ERNIE 5.1 is best understood as an economics story. In its release, Baidu says the model inherits ERNIE 5.0’s pre-training foundation, compresses total parameters to approximately one-third and active parameters to approximately one-half, and still achieves leading foundational performance at its model scale while using only about 6% of the pre-training cost of comparable models [7]. That is why the release matters: it presents a route to strong model performance that depends less on a fresh giant training run and more on reusing, slimming, and post-training an existing foundation.
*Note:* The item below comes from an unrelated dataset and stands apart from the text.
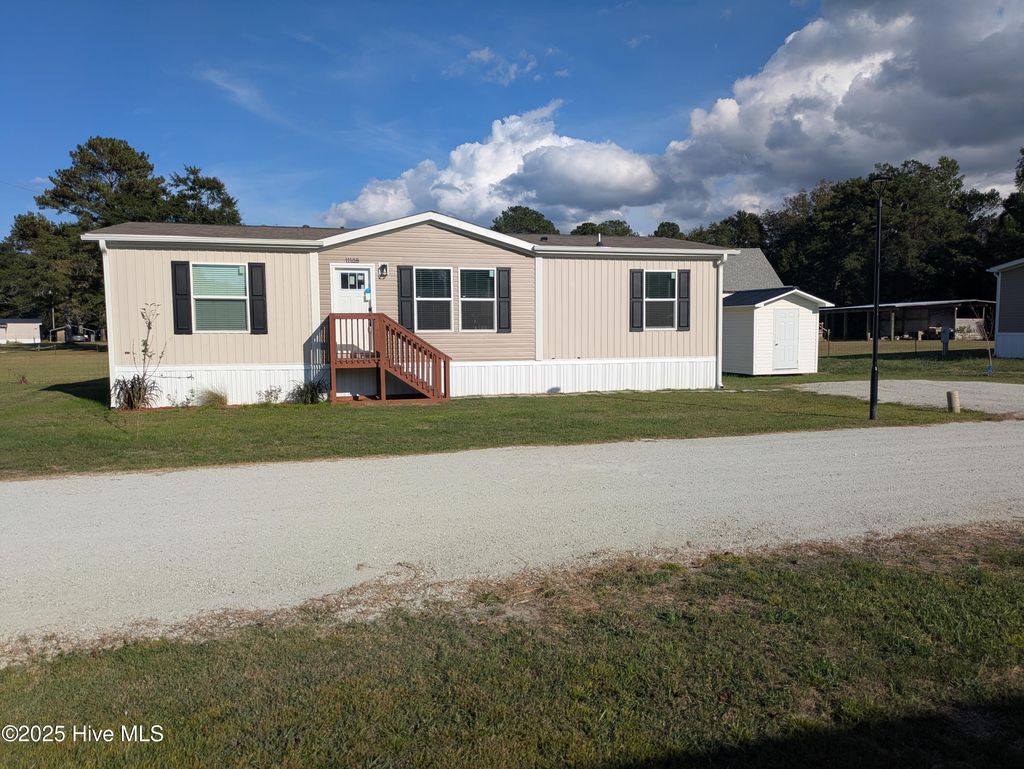 Photo of 1118 Old Tar Landing Road, Jacksonville, NC 28540 (MLS # 100526166)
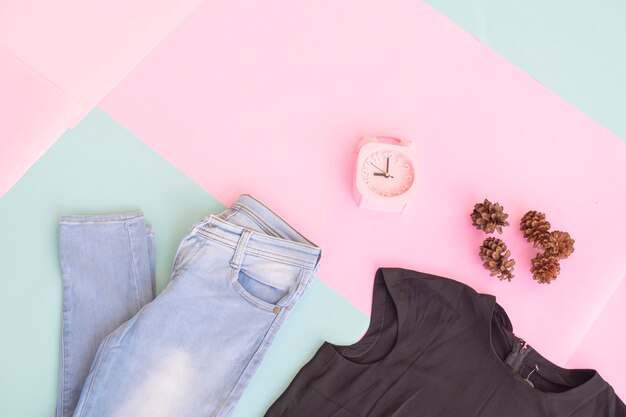 Women's clothing base layout, Outer on pale mint pastel background. Lifestyle concept. alarm clock. small bag. bag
The real significance: cost-performance, not raw scale
Baidu’s announcement is not framed primarily around making ERNIE larger. It is framed around what the company says it can preserve after compression: strong foundational performance at its scale, with far less pre-training spend [7]. The ERNIE blog also says ERNIE 5.1 ranks first in China on Arena Search and improves agent, reasoning, and creative capabilities through disaggregated fully-asynchronous reinforcement learning and scaled agentic post-training [
12].
For the global AI race, the strategic point is straightforward: if a lab can get close to leading performance with less pre-training compute, the advantage shifts toward training design, reuse, and post-training efficiency rather than parameter count alone. ERNIE 5.1 is important because Baidu is making that argument explicitly.
What Baidu means by the 6% figure
Read the number narrowly. Baidu’s claim is about pre-training cost compared with comparable models [7]. It is not, from the cited materials alone, an audited statement about total development cost, deployment cost, inference pricing, or hardware efficiency.